# EO Brands - BioFinest



## deserthawk (Jun 25, 2020)

Hi,

I'm researching the different EO suppliers for quality and affordability for soap making purposes and would like to ask if anyone has any experience with the Biofinest brand. If yes, would really appreciate your opinion on whether you:

1. Trust the quality of the brand
2. Find it performs reasonably in soap making in general (though if you know how specific EOs from them work that would be great to know too)
3. Is priced reasonably compared to other EOs in the market that you trust

Thanks in advance


----------



## IrishLass (Jun 25, 2020)

I've never heard of them before. For what it's worth, I buy mine from either *Liberty Natural* or *Mountain Rose Herbs*


IrishLass


----------



## szaza (Jun 25, 2020)

I don't have any experience with them and I'm afraid I don't know any suppliers in the Singapore area either. What I can say is most of their oils look really expensive to me (+-2-5x what I'm paying), though their jasmine is incredibly cheap: 100ml of steam distilled jasmine oil from biofinest is cheaper than 10ml absolue from my supplier.


----------



## AliOop (Jun 25, 2020)

My first thought regarding this post is that it is actually a marketing technique to get the company name out there. No disrespect intended, but if one wanted to compare brands, why is only one brand mentioned, and not a few of them?


----------



## Zany_in_CO (Jun 26, 2020)

AliOop said:


> My first thought regarding this post is that it is actually a marketing technique to get the company name out there. No disrespect intended, but if one wanted to compare brands, why is only one brand mentioned, and not a few of them?
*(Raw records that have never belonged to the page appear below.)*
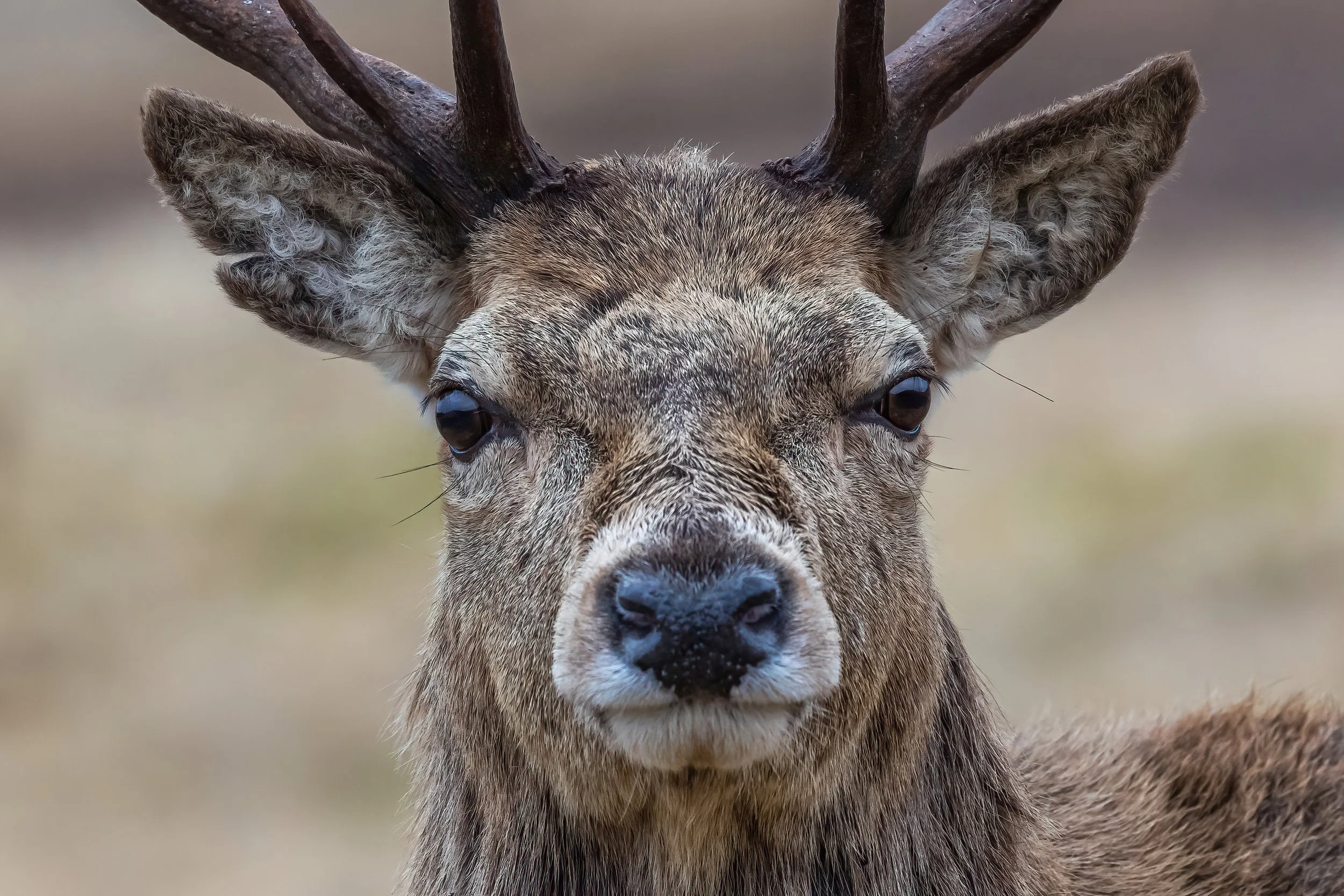 Close-up of a deer with antlers in a natural outdoor setting.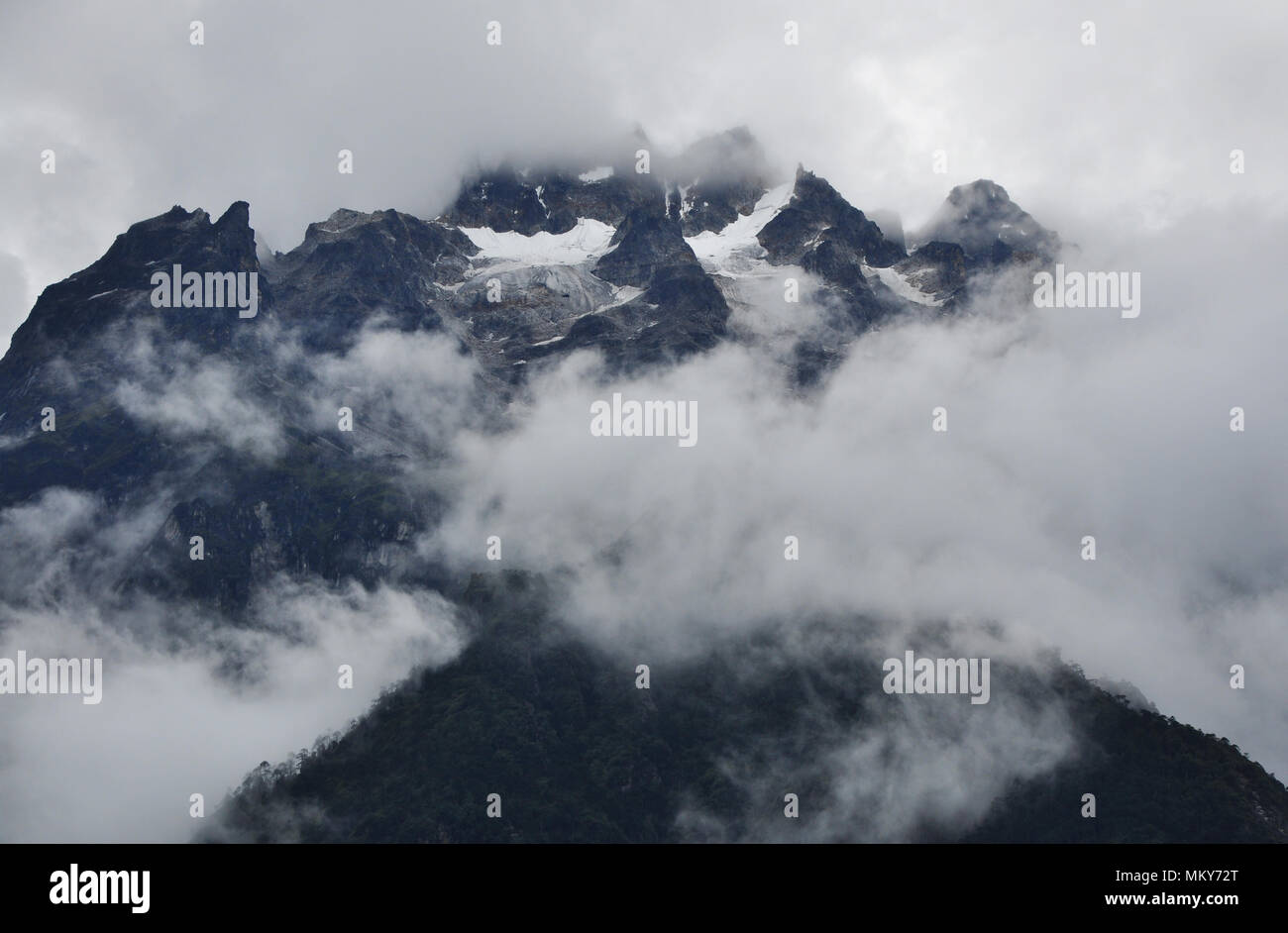 Sikkim Tree High Resolution Stock Photography and Images Alamy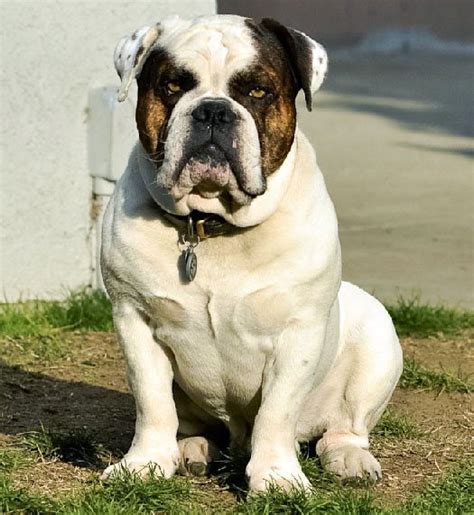  If you are looking for a perfect bulldogge, give us a call 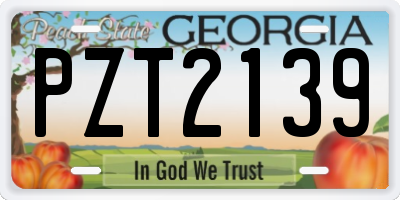 GA license plate PZT2139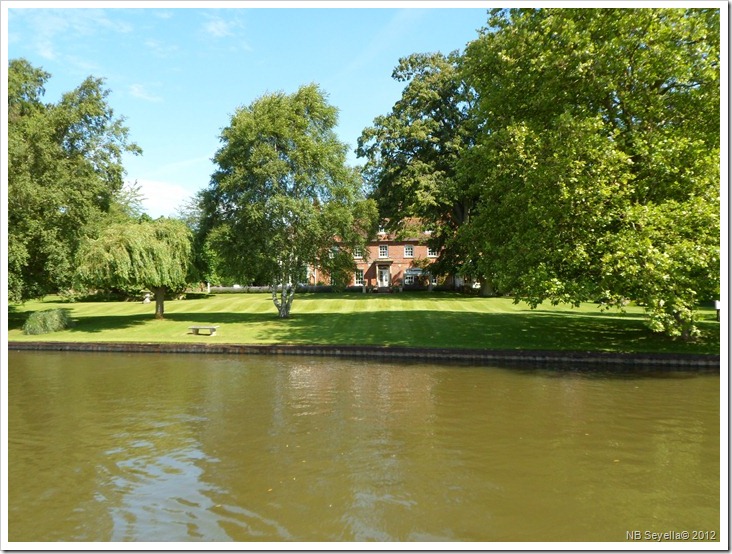 SAM_1735 Burcot SAM_1735 Burcot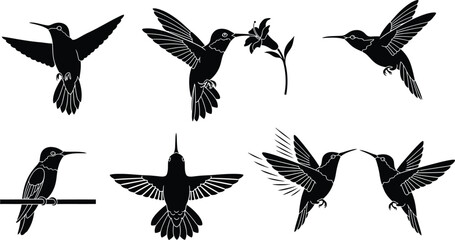 Obraz premium Hummingbird silhouettes in various poses and actions in black and white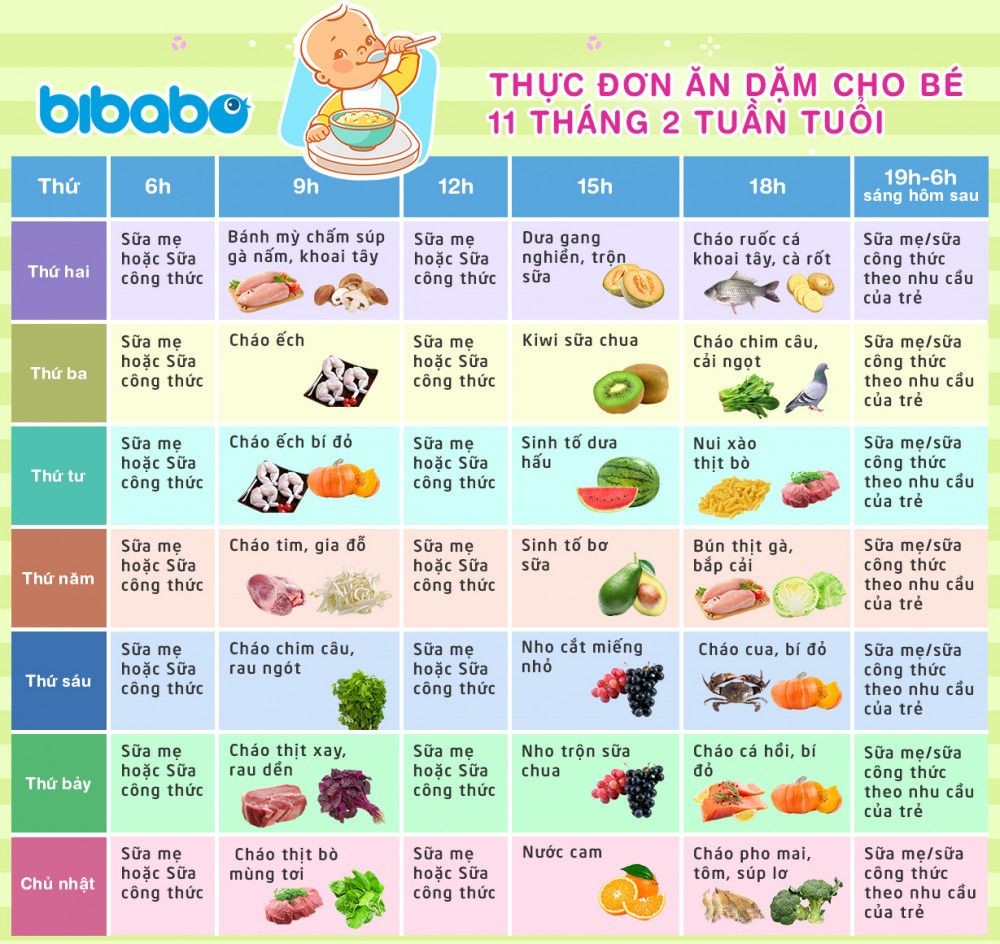 Lịch Ăn Dặm Cho Bé 11 Tháng: Bí Quyết Xây Dựng Thực Đơn Khoa Học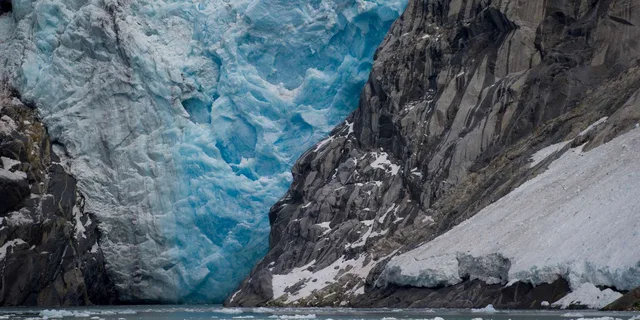 Anchorage Glacier and Wildlife Discovery Tour - Image 3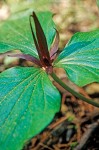 Giant Trillium blossom & foliage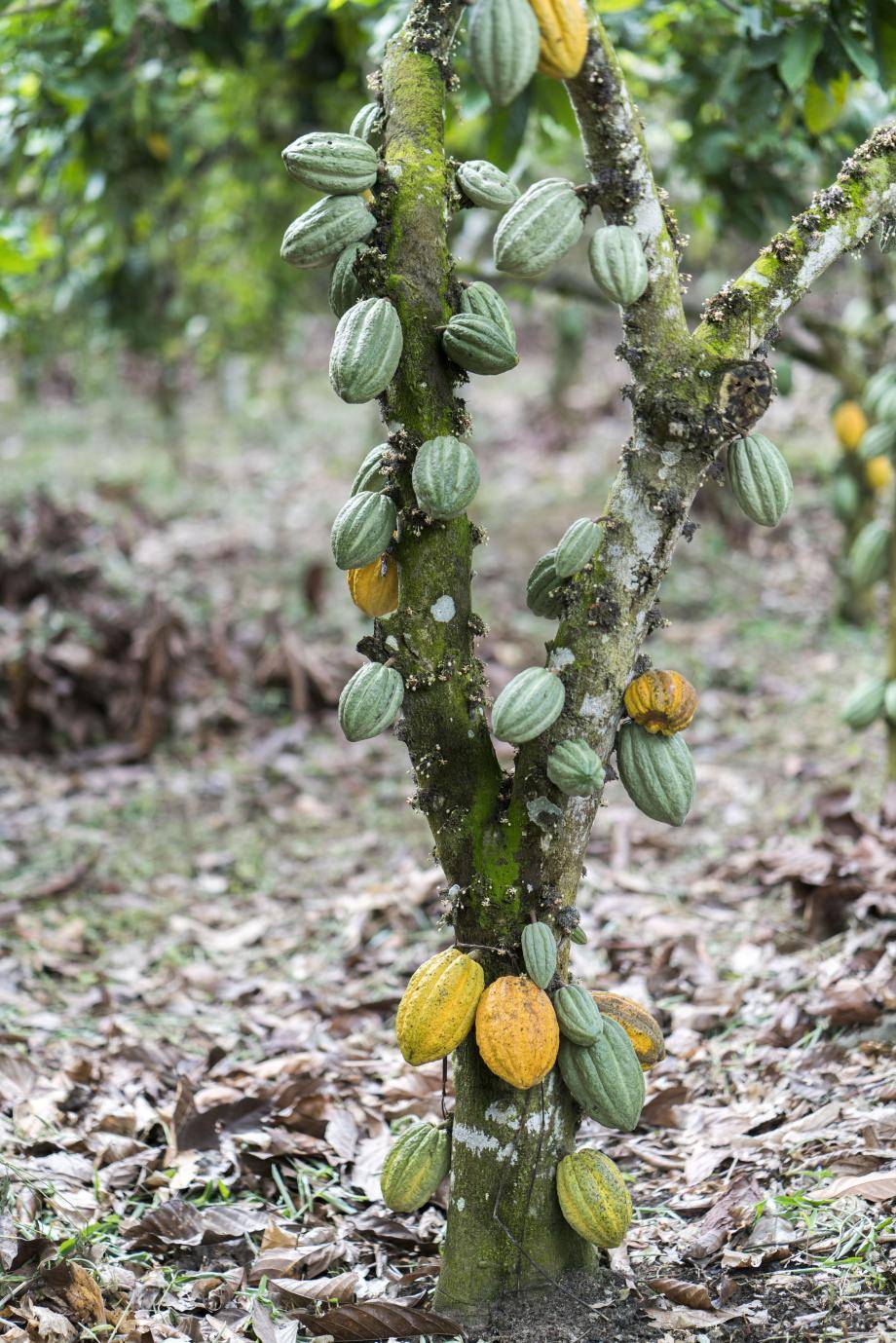 Cocoa tree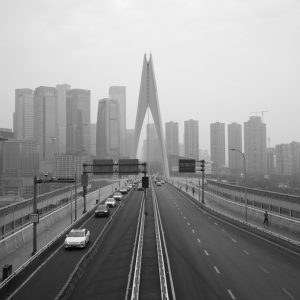 重庆千斯门大桥和南岸区。
Qiansi Gate Bridge and Southern District in Chongqing.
With all due respect to the OP, *@AliOop* you may be on to something. I Googled *"Biofinest essential oils"* and a whole bunch of links came up suggesting they may be selling "fakes". Here's a link to just one from Amazon:

*https://www.amazon.com/review/R2MG6U2EYJMLQG*

*@deserthawk*  It would be helpful to us to help you if you could take a moment to go to the *Introduction Forum* and tell us a little about yourself and your soap making experience.


----------



## deserthawk (Jun 26, 2020)

Hi, No offence taken, when I reread my post I can see how you got that impression. But no this isn't marketing, just a newbie soapmaker desperately seeking more info on EOs suppliers. Like @Zany_in_CO I googled the brand but just couldn't find any credible and independent reviews. Where I stay, I don't have access to a lot of variety and have to consider shipping cost so before I dismiss it completely I thought I'd check and was hoping there might be fellow soapmakers who might be able to provide me with their first hand experience before I make any costly purchases. I figured unlike Amazon reviews and even blog reviewers my best bet for an unbiased and experienced review would be in this forum.

The reason I posted only one is that I am going through a list of brands in order to evaluate them independently and in an orderly fashion. Also, for some of the brands the forum already has a numerous threads on them and so I didn't have to ask about it.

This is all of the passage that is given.